### Supplied data

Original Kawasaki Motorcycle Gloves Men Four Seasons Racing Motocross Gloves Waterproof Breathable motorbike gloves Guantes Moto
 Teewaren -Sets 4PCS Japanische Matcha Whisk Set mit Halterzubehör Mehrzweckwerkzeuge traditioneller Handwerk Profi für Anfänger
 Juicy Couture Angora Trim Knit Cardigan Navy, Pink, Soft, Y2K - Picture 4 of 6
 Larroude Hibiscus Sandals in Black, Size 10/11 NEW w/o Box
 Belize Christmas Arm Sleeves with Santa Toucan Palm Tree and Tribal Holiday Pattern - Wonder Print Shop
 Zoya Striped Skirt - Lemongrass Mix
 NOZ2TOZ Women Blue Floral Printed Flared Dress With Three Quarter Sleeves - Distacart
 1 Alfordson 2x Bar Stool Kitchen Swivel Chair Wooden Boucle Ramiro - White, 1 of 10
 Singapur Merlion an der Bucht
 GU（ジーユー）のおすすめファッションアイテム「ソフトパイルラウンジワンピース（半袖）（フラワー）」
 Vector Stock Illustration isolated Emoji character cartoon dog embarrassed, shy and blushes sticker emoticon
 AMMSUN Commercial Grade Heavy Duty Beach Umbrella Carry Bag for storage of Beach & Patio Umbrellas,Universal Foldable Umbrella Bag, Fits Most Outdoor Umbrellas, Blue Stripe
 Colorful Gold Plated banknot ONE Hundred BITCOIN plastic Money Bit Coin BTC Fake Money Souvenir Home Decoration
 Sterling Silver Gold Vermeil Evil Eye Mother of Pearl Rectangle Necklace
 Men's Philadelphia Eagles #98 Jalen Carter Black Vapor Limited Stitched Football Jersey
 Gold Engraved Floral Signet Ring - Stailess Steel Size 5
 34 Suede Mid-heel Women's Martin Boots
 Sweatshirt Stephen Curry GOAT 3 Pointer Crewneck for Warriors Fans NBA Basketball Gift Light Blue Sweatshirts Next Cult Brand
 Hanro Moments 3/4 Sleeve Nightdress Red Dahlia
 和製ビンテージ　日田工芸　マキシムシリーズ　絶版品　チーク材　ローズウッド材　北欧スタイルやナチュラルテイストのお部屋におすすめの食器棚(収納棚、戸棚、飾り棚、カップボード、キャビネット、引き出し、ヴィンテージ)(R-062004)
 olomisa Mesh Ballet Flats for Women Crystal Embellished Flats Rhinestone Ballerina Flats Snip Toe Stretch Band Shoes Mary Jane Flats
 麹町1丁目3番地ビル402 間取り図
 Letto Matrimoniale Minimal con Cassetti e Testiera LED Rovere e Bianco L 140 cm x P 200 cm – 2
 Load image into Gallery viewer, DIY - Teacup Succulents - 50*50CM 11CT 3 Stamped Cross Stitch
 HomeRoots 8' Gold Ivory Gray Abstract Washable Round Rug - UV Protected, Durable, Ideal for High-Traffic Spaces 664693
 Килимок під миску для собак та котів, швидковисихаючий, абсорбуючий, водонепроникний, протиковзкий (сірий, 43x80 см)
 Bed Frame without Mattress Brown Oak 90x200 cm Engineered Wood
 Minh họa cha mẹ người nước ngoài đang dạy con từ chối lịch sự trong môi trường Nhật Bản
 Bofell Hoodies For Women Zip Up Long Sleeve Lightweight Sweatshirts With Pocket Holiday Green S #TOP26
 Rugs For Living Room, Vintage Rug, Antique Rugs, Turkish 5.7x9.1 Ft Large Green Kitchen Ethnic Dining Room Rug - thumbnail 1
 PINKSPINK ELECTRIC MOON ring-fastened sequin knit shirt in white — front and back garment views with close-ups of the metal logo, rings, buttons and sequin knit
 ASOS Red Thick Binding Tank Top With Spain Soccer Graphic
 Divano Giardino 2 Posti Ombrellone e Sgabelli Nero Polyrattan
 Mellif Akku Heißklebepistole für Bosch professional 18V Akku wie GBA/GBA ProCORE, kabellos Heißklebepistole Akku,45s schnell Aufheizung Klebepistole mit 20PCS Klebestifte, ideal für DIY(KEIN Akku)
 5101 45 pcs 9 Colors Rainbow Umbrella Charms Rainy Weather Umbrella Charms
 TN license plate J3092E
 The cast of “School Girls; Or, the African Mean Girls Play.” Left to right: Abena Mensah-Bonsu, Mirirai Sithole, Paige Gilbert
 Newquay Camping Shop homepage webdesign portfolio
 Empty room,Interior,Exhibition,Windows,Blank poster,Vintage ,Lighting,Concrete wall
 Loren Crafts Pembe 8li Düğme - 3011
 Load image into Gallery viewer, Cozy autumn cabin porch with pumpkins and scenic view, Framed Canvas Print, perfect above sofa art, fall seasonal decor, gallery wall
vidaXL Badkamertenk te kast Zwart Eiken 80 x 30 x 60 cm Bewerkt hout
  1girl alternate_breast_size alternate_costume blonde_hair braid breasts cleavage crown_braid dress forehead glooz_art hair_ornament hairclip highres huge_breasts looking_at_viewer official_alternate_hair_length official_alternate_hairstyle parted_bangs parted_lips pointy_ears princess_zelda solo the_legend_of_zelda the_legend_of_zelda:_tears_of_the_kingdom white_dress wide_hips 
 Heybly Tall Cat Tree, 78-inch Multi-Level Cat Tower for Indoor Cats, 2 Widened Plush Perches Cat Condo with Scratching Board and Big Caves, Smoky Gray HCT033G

### Requirement
Repeat, character for character, the lines of the material above from the line with "Minh họa cha" through the line with "Divano Giardino 2".

### Task answer
 Minh họa cha mẹ người nước ngoài đang dạy con từ chối lịch sự trong môi trường Nhật Bản
 Bofell Hoodies For Women Zip Up Long Sleeve Lightweight Sweatshirts With Pocket Holiday Green S #TOP26
 Rugs For Living Room, Vintage Rug, Antique Rugs, Turkish 5.7x9.1 Ft Large Green Kitchen Ethnic Dining Room Rug - thumbnail 1
 PINKSPINK ELECTRIC MOON ring-fastened sequin knit shirt in white — front and back garment views with close-ups of the metal logo, rings, buttons and sequin knit
 ASOS Red Thick Binding Tank Top With Spain Soccer Graphic
 Divano Giardino 2 Posti Ombrellone e Sgabelli Nero Polyrattan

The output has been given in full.